**Work instruction**
The required answer is an exact copy of every line from the beginning of the entries through the line with "Manga-lc-com อ่านมังงะ อ่านการ์ตูน", with all pictures omitted.

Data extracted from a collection
_ _ _
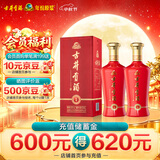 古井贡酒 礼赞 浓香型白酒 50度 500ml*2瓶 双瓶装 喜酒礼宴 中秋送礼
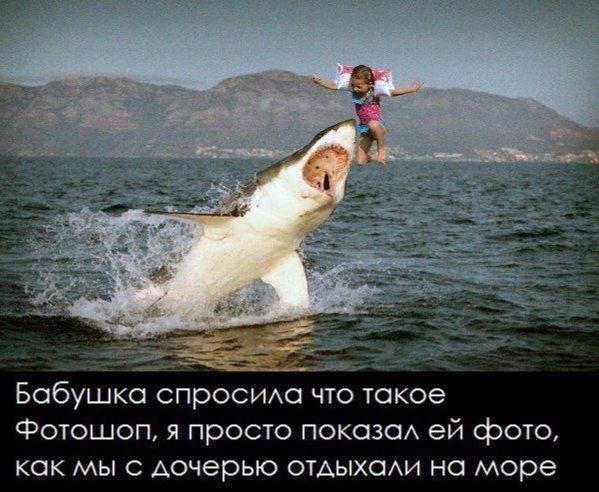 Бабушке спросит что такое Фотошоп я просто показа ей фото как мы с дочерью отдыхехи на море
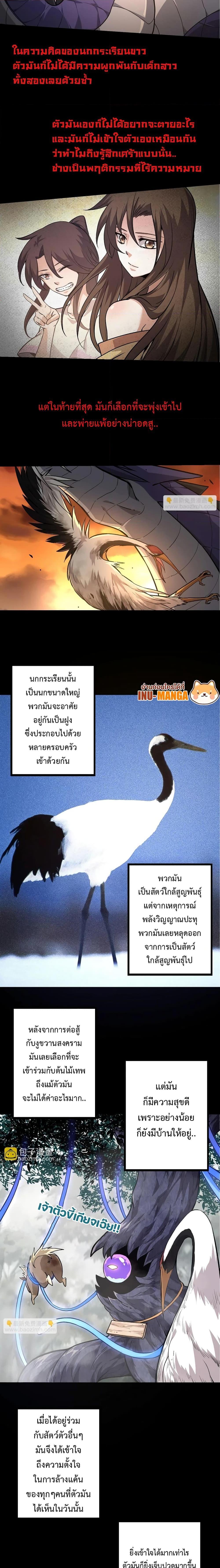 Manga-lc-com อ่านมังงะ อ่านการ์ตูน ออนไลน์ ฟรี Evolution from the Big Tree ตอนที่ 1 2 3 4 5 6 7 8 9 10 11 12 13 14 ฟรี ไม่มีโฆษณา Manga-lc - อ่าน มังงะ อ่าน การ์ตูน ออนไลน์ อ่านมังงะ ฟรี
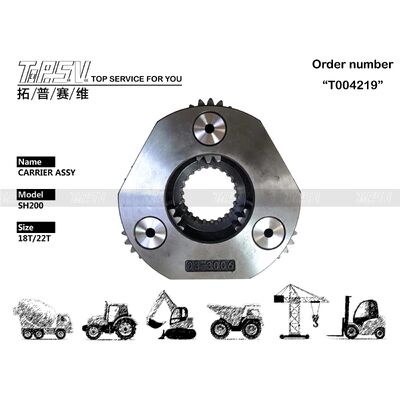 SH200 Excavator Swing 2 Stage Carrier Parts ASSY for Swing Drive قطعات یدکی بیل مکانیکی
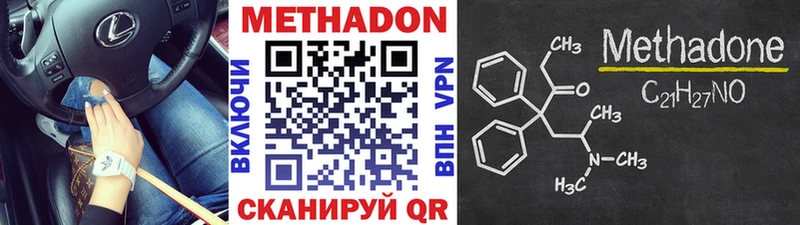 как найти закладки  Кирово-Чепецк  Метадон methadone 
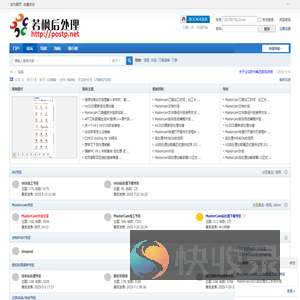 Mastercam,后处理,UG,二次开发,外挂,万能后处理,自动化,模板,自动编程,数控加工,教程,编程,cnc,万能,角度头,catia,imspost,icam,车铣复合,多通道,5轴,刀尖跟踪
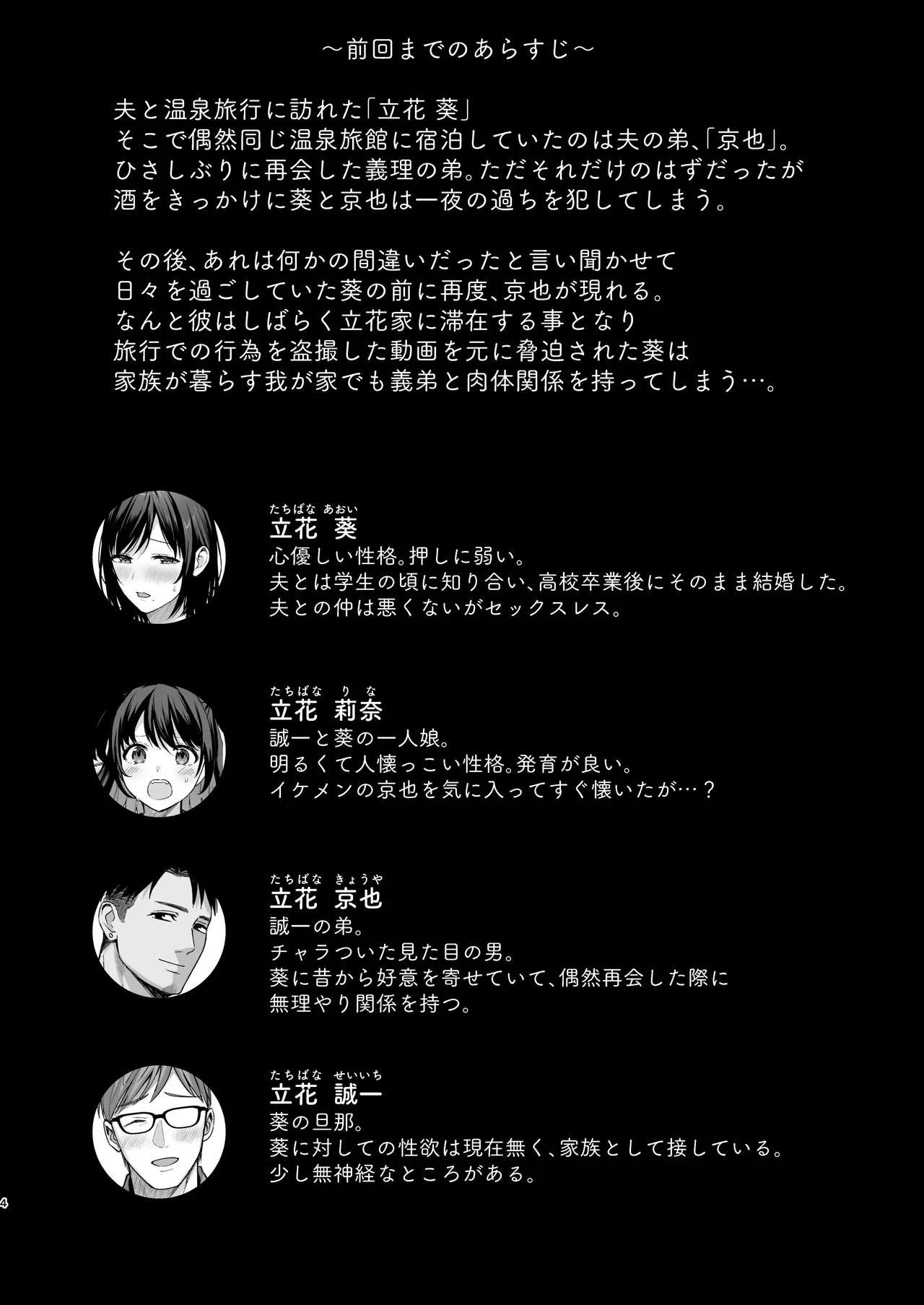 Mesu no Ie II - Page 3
_ _ _
**Completed task**
 古井贡酒 礼赞 浓香型白酒 50度 500ml*2瓶 双瓶装 喜酒礼宴 中秋送礼
 Бабушке спросит что такое Фотошоп я просто показа ей фото как мы с дочерью отдыхехи на море
 Manga-lc-com อ่านมังงะ อ่านการ์ตูน ออนไลน์ ฟรี Evolution from the Big Tree ตอนที่ 1 2 3 4 5 6 7 8 9 10 11 12 13 14 ฟรี ไม่มีโฆษณา Manga-lc - อ่าน มังงะ อ่าน การ์ตูน ออนไลน์ อ่านมังงะ ฟรี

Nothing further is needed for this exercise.